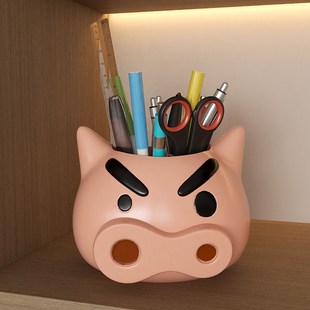 轻奢高级感肥嘟嘟左门卫笔筒收纳盒学生桌面办公室儿童男孩大容量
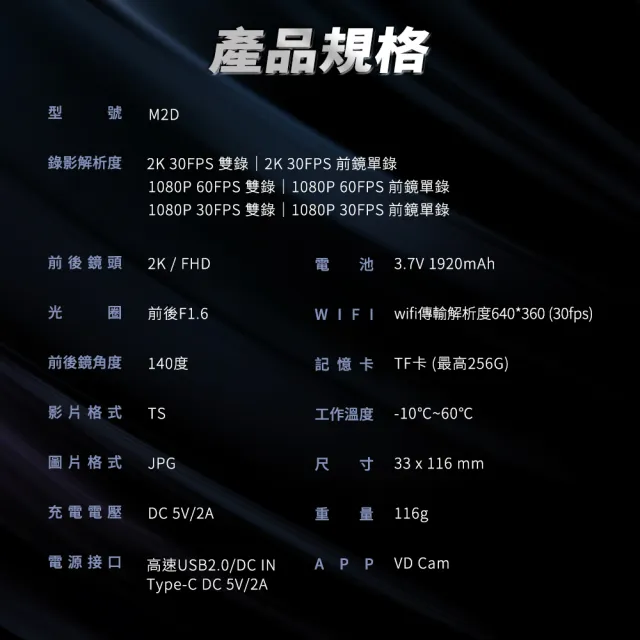 【Philo 飛樂】2k前後雙錄機車行車紀錄器M2D SONY星光級鏡頭+聯詠晶片(贈64G/wifi/安全帽行車記錄器)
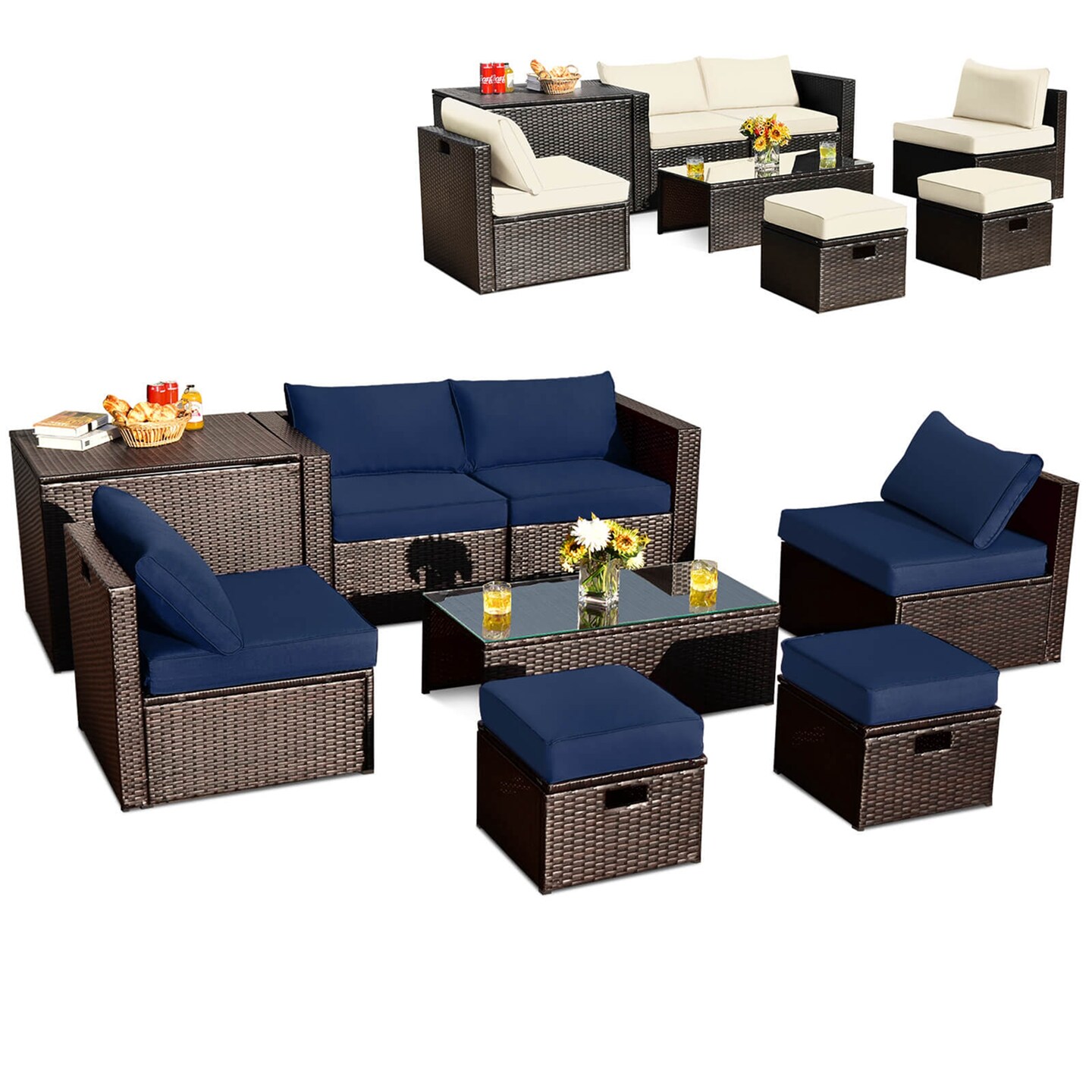 Costway 8 PCS Outdoor Wicker Furniture Set with Storage Box Tempered Glass Table 2 Ottomans
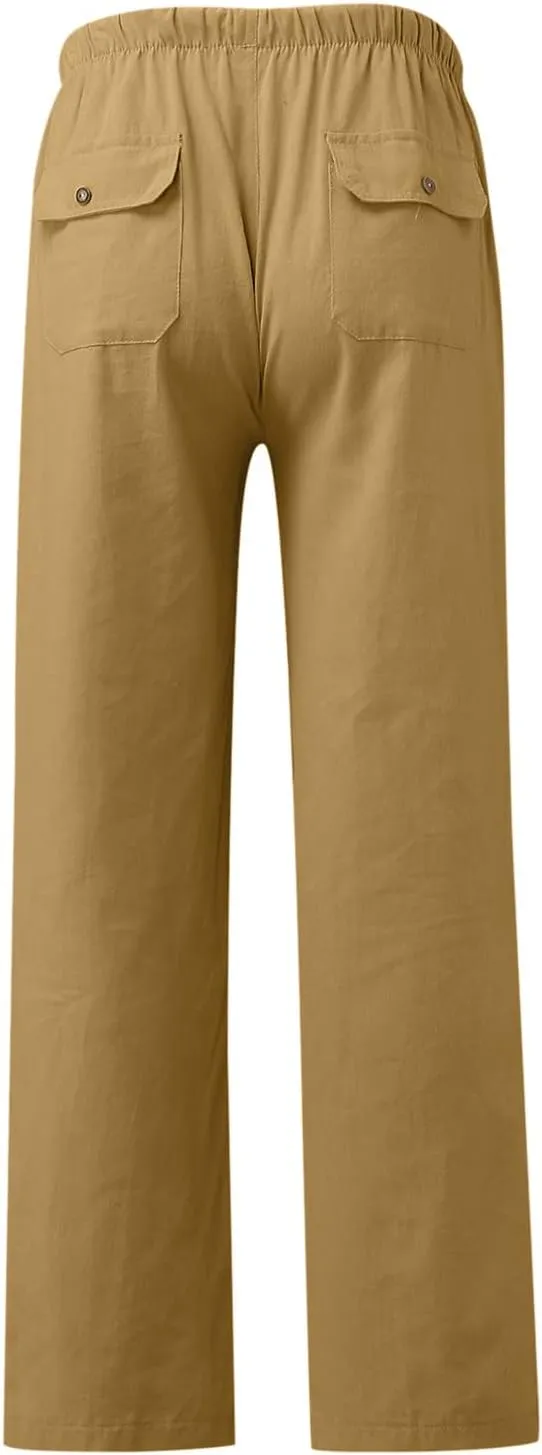 Casual Work Pants for Men Mens Casual Dress Pants Men's Slim-Fit Wrinkle- Flat-Front Chino Straight Fit Twill Pant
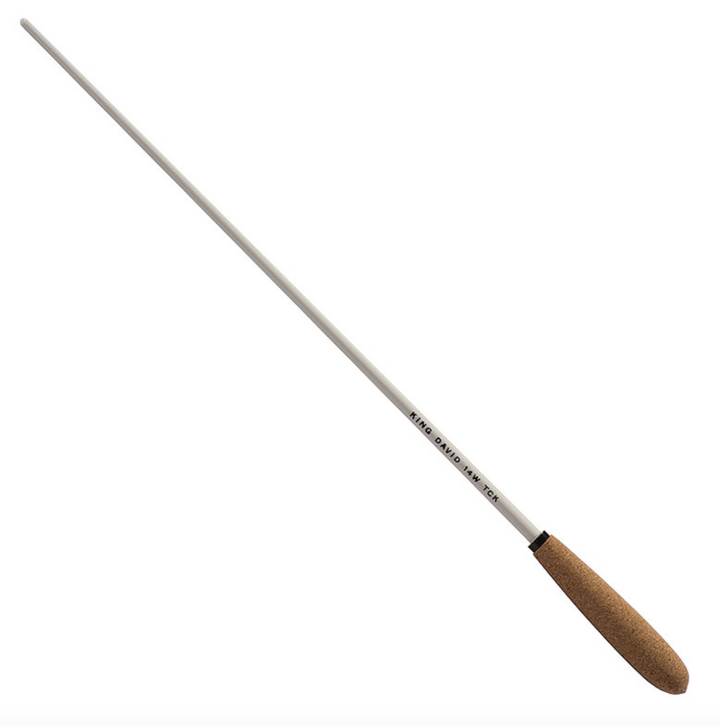 King David 14” - 35.5cm birch wood conductors baton tapered cork handle 14WTCK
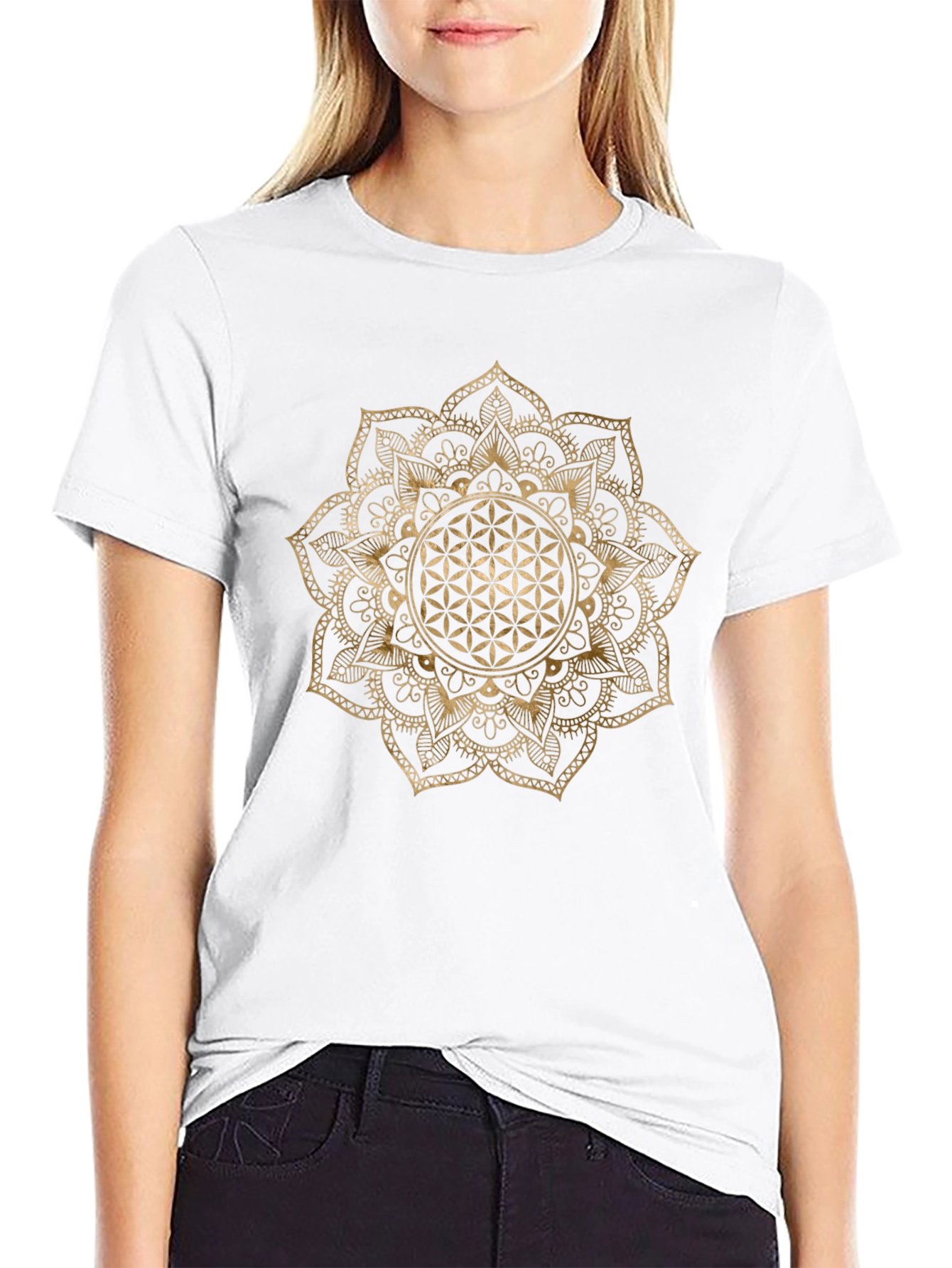 Geometric Flower of Life Graphic T-Shirt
----------------
Problem description
Beginning with the line that contains "Costway 8 PCS" and ending with the final line of the material, reproduce those lines exactly and nothing else. Omit the pictures.

Result
 Costway 8 PCS Outdoor Wicker Furniture Set with Storage Box Tempered Glass Table 2 Ottomans
 Casual Work Pants for Men Mens Casual Dress Pants Men's Slim-Fit Wrinkle- Flat-Front Chino Straight Fit Twill Pant
 King David 14” - 35.5cm birch wood conductors baton tapered cork handle 14WTCK
 Geometric Flower of Life Graphic T-Shirt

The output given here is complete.